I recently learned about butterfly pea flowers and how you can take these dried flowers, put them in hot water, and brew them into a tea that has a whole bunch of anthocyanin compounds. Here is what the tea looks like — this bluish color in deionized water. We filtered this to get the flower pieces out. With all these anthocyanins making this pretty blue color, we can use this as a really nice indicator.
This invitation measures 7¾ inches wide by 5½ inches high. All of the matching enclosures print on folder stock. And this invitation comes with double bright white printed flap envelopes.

□ □ □

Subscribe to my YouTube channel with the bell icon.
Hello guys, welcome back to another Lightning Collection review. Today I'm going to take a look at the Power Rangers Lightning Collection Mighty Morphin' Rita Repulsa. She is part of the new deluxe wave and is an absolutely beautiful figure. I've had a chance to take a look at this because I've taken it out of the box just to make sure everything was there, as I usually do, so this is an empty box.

□ □ □

Directions:
Copy out the range of lines above starting at the line with "Subscribe to my" and ending at the line with "Hello guys, welcome", exactly and including both.

Problem solution:
Subscribe to my YouTube channel with the bell icon.
Hello guys, welcome back to another Lightning Collection review. Today I'm going to take a look at the Power Rangers Lightning Collection Mighty Morphin' Rita Repulsa. She is part of the new deluxe wave and is an absolutely beautiful figure. I've had a chance to take a look at this because I've taken it out of the box just to make sure everything was there, as I usually do, so this is an empty box.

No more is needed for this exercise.